While these represent potentially causal paths, epidemiologic studies must also consider non-causal paths when an association is observed. Bias refers to a systematic error in the design, conduct, or analysis of a study that leads to an incorrect estimate of the association between an exposure and an outcome. Unlike random error, bias consistently skews results in a particular direction (e.g., overestimating or underestimating the true effect). Numerous forms of bias exist and can arise at multiple stages of a study. Selection bias is a systematic error in how participants join the study, are selected for the analytic sample, or leave the sample over time. In hearing and cognition research, we may consider that those with severe hearing loss could be excluded from a study or that populations of hearing aid users are fundamentally different from those of non-users. Information bias (or measurement bias) occurs when errors occur in how data are collected. For example, information bias would be present if people with hearing loss do poorly on cognitive assessments because they can’t hear the prompts. Confounding, sometimes considered a type of bias, occurs when a third variable is related to both the exposure and outcome and distorts the observed relationship. For example, hearing loss and cognitive decline could each be caused by another variable, like cardiovascular disease.

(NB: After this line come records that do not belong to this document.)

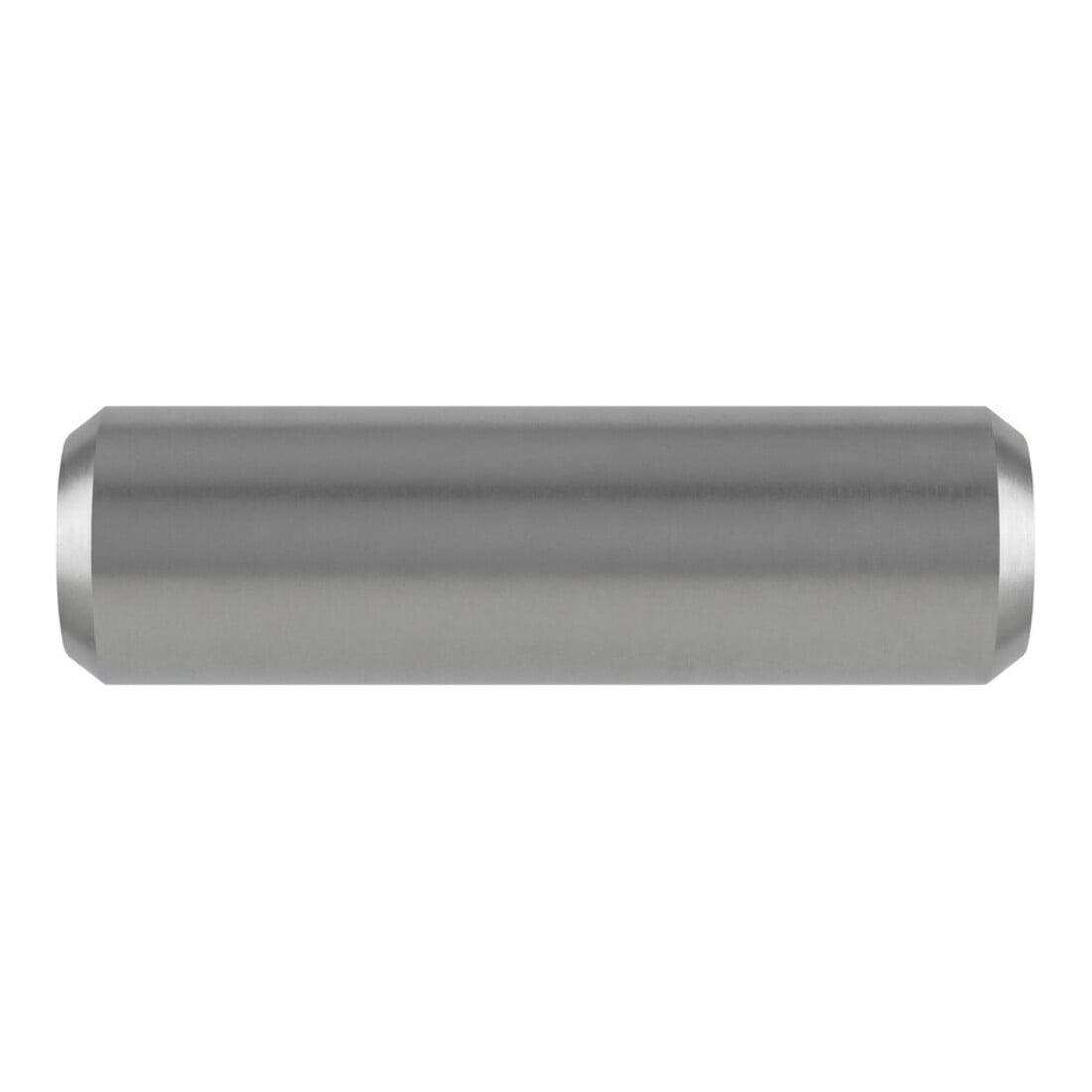ISO 2338 Zylinderstifte A 4 5 m6 x 8 A 4 S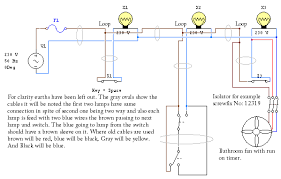 I enjoyed the project, but wanted the wiring diagram for me to use in another project that does not require transformer! Shaver Socket Wiring Diagram Cat 5 Wiring Phone Jack For Wiring Diagram Schematics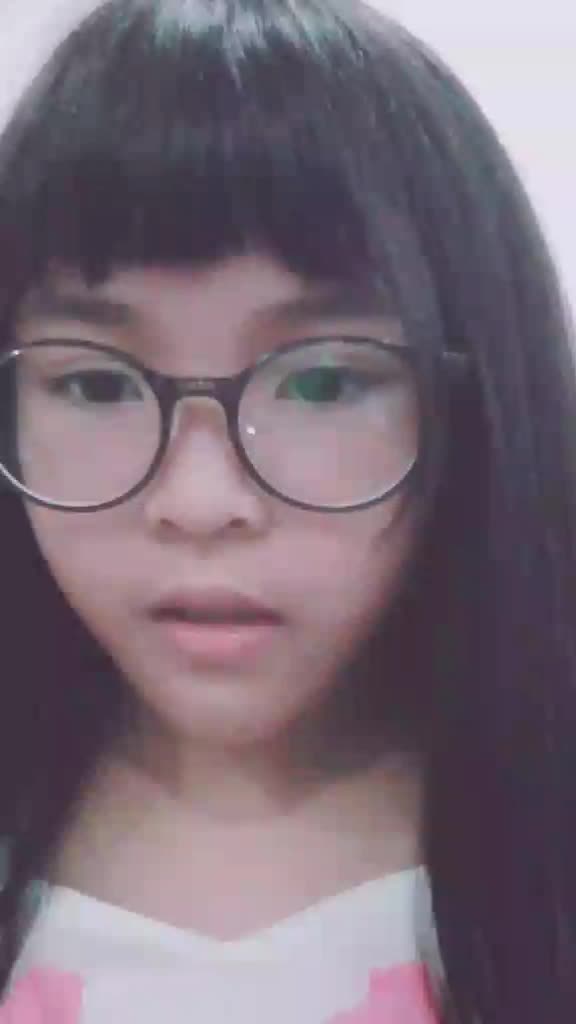 @Nizabel Yvie Tsen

Measurement Matters in Determining Inference

It’s not news to any audiologist, but hearing can be measured numerous ways in research. However, a problem arises when the distinct measures aren’t considered in interpreting the findings. For example, some research has suggested a reverse pathway of dementia causing hearing loss. However, the models used a speech understanding in noise measure to define hearing loss without considering that speech understanding in noise is both auditory (e.g., peripheral access to sound) and cognitive processing in nature. The use of self-reported hearing to approximate audiometrically measured hearing loss can also be problematic in the context of studying hearing loss and cognitive decline as cognitive decline and dementia could affect how one responds to questions about hearing status.

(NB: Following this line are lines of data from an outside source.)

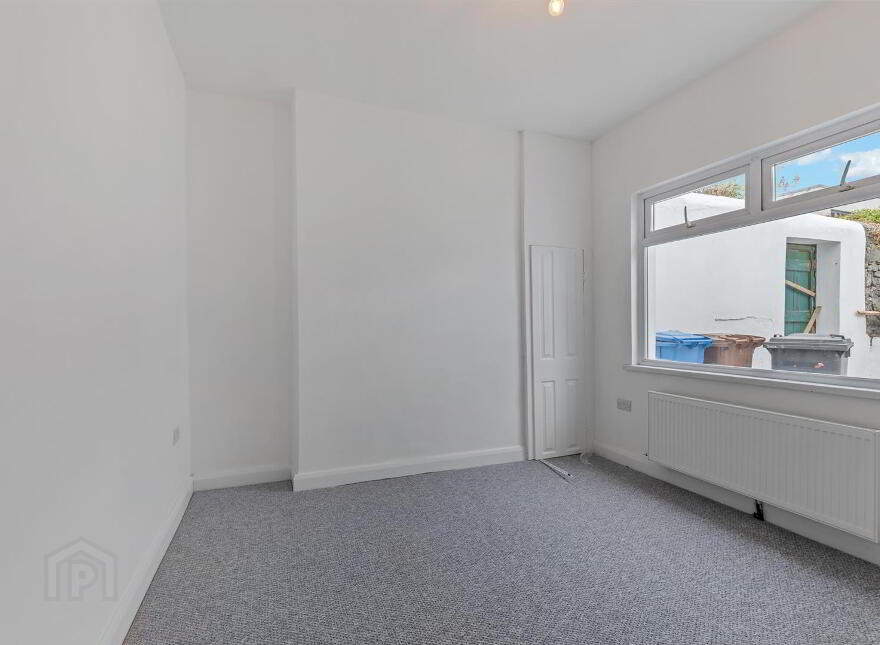 32 Killaughey Road, Donaghadee, BT21 0BL
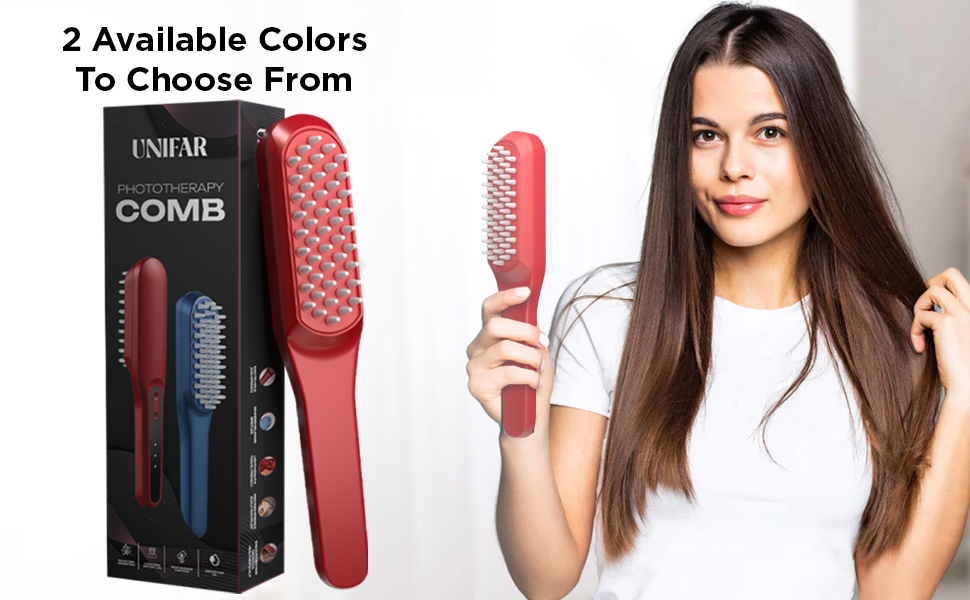 Large manufacture image 7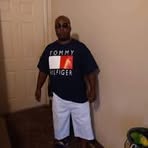 Dee Corbin - Facebook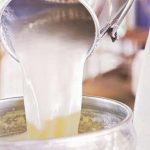 Parag Milk Foods in Focus After Board Approves ₹100 Cr Plan to Quadruple Daily Paneer Output Parag Milk Foods in Focus After Board Approves ₹100 Cr Plan to Quadruple Daily Paneer Output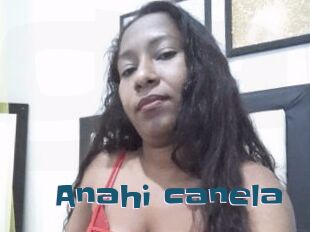 Anahi_canela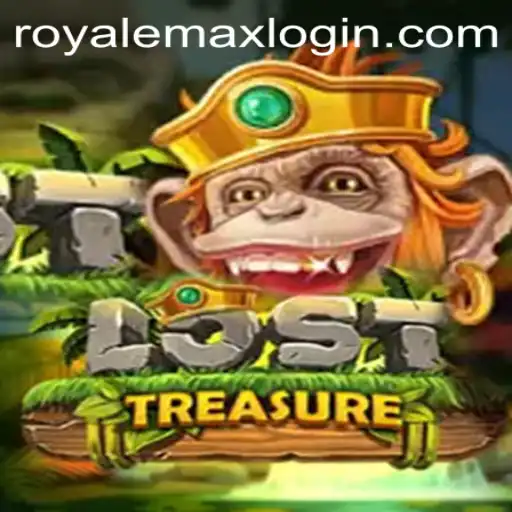 Discover the Adventure: LostTreasure and Royale Max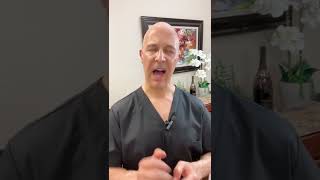 Fix Your Insomnia the Easy Way! Dr. Mandell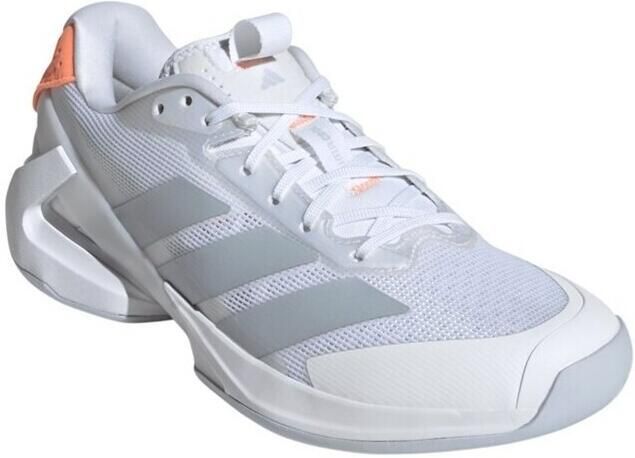 Adidas adizero Ubersonic 5 Tennis Schoenen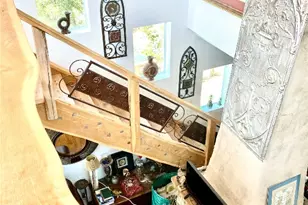 156 Lazy Leaf Ln, Wimberley, TX 78676 - Photo 37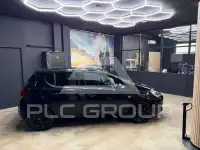 2019 Opel Corsa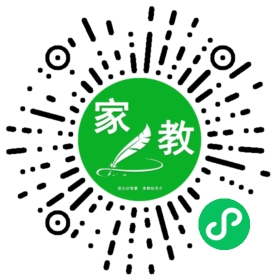 $刘丽宏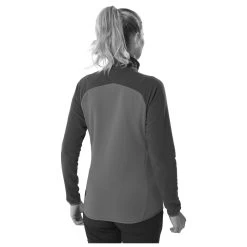 Polaire Millet K Lightgrid Jkt W Coral Chrome 9 Polaire Millet K Lightgrid Jkt W Coral Chrome -Skiez en ligne. a75c17dce309f94974d982ea4e4210aadeef6d6f H23MILLTTH2263123 2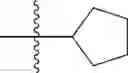 Fig. 09 - Pyrazolyl pyrimidinamine compound and application thereof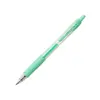 Esferográfica Gel Pilot G-2 Retrátil Verde Pastel 0,7mm | Marca 361 - Loja BluePixel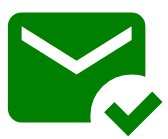 image-20250825-215034.png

Peripheral measures of hearing (e.g., pure-tone audiometry) fit the proposed causal framework (e.g., decreased access to sound leads to mechanisms that cause dementia). Moreover, peripheral measures are not affected by potential reverse causation pathways and are relatively free of information bias, as research suggests that older adults with dementia have valid and reliable pure-tone measures. To avoid incorrect study conclusions, research questions motivated by causal frameworks should use peripheral measures. This is not to say that speech and self-reported measures are less important than objective measures, but rather that, in this context, they do not fit the proposed framework.

What do we Know? Observational Literature Findings Linking Hearing Loss and Cognitive Decline

The concept of a link between hearing and cognition is not necessarily as new. Audiology and hearing science studies using laboratory- and clinic-based research designs have long examined the interplay between auditory and cognitive processes in the brain. Public health research hasn’t had the same rich history. However, the first papers may be older than one realizes. In 1989, Uhlmann et al. published a paper in JAMA describing a case-control study suggesting that adults with dementia had poorer hearing than those without dementia. Despite being published in a high-profile academic journal, public health work on the topic was sparse until more recently.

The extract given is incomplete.